Separate Q. What would be the main stages of a life cycle of a star much bigger than our Sun?
- Cloud of gas and dust (nebula)
- Protostar
- Main sequence star
- Red Super Giant
- Supernova
- Neutron star or black hole
Separate Q. What process produces elements heavier than iron?
Supernova
Separate Q. What is the explosion of a massive star called?
Supernova
Separate Q. For an orbiting object, in which direction does gravity act?
Towards the centre of the object that is being orbited.
Separate Q. What process that takes place in stars produces all of the elements up to the size of iron?
Nuclear fusion
Separate Q. What evidence is there that the universe is expanding?

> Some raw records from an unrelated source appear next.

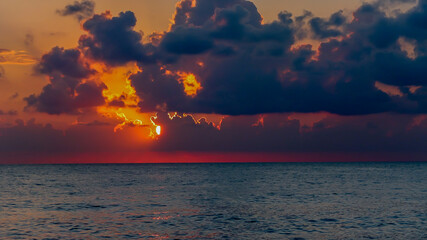 A beautiful sunset at sea. Landscape of a red sunset at sea.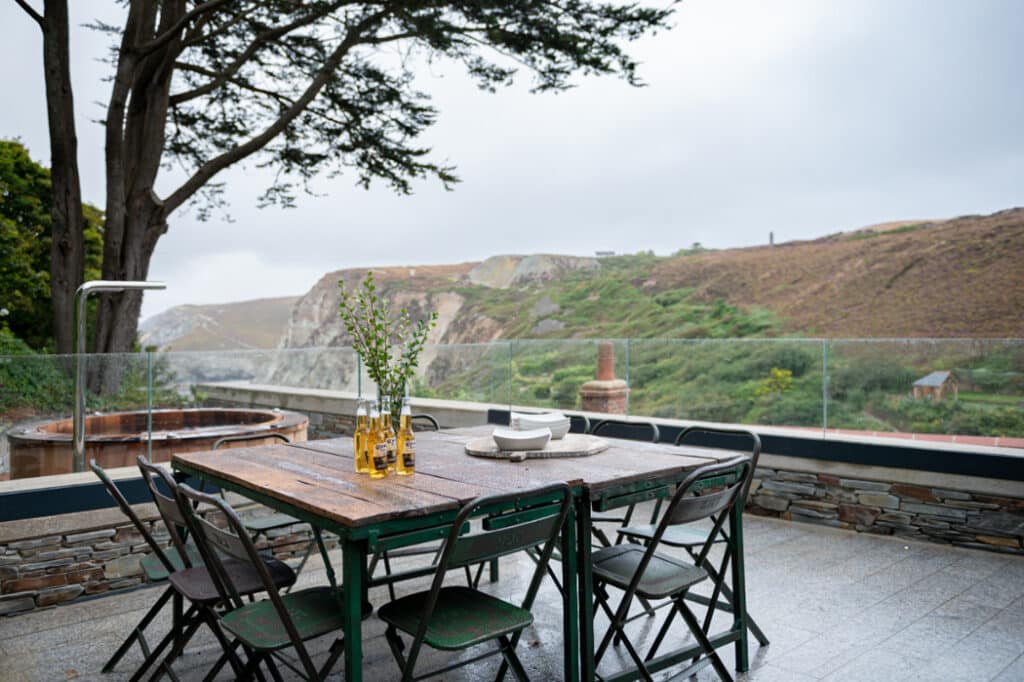 Outdoor dining table with glass bottles and bowls, set on a patio overlooking a hilly landscape with trees and cloudy skies.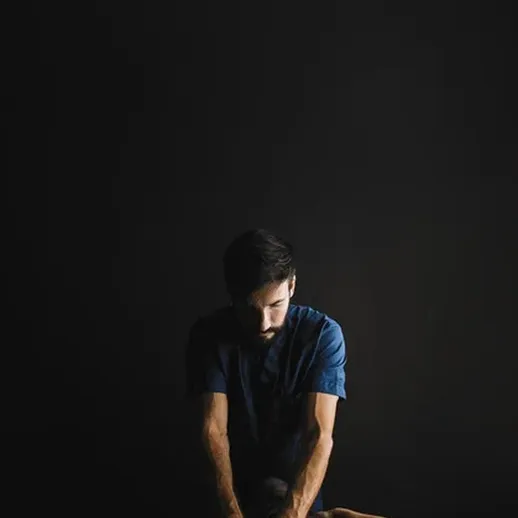 Массажист проводит расслабляющий массаж на фоне темной стены в спокойной обстановке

- Light from the most distant galaxies has an increased wavelength.
- The wavelength is shifted towards the red-end of the spectrum.

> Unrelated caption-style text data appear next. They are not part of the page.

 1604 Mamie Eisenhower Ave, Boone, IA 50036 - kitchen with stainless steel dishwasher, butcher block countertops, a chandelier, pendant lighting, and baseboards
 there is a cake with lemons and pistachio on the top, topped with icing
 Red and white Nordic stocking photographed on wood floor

- This is called red-shift and it suggests the distant galaxies are moving away from us.
- Supernovae have been observed since 1998 and show distant galaxies are moving away at an accelerating rate.

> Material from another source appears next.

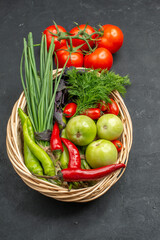 A vegetable basket with a bunch of green and peppers cucumber and tomatoes with stem on dark background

Separate Higher Q. Explain how an object in orbit is accelerating without changing speed.
- Because the object is moving in a circle, it is constantly changing direction.
- This means it is constantly changing velocity.
- This also means it is constantly accelerating.
- Velocity and acceleration are both vectors that take into account both size and direction.
Separate Higher Q. What is the relationship between the speed of an object and the radius of its stable orbit?
The faster the object, the smaller the radius of its stable orbit.
Separate Q. Give two examples of things about the universe that are still poorly understood.
Dark matter – the name given to an unknown substance that scientists believe holds galaxies together but does not release EM radiation.
Dark energy – the name given to the energy thought to be responsible for the accelerated expansion of the universe.
Separate Q. What is the Big Bang Theory and how does red-shift provide evidence for it?
- The Big Bang Theory is the theory that the universe began from a small dense, hot region. Then it exploded and is continually expanding.
- Red-shift supports this as it shows that the universe is expanding in all directions. If you were to look back in the time, the universe must have begun at one single, small, dense point.
Separate Q. Name the force that keeps planets and satellites in orbit.
Gravity
Separate Q. Describe the transition from a main sequence star to a red giant, or red super giant.
- Hydrogen in the main sequence star begins to run out.
- The star swells.
- This becomes a red giant, or red super giant depending on the size of the main sequence star.
- It becomes red as the surface cools.
- Fusion of helium occurs and heavier elements (until elements up to the size of iron) are created.
Separate Q. Describe the transition from a red super giant to a neutron star or black hole.
- Red super giants undergo nuclear fusion creating elements as heavy as iron.
- They expand and contract.
- Eventually they explode (supernova) and create elements heavier than iron.
- The outer layers of dust and gas are ejected.
- This leaves a very dense core – called a neutron star.
- Very large stars can even result in the formation of a black hole.
Separate Q. What’s the relationship between the distance a galaxy is from us and the speed it’s travelling at?
The further away the galaxies, the faster they are moving.
Separate Q. Describe the orbit of planets going around our Sun.
The orbits are almost circular.
Separate Q. Describe the transition from a red giant through to a black dwarf.
- The outer layer of the red giant is ejected.
- This outer layer is dust and gas.
- A hot, solid, dense core is left. This is called a white dwarf.
- The White Dwarf cools and emits less and less energy until it becomes a black dwarf.
Separate Q. What is a black hole?
A highly dense point in space that not even light can escape from.
Separate Q. What evidence is there that the galaxies furthest away are travelling fastest?
Galaxies furthest away have a greater red-shift than nearer ones.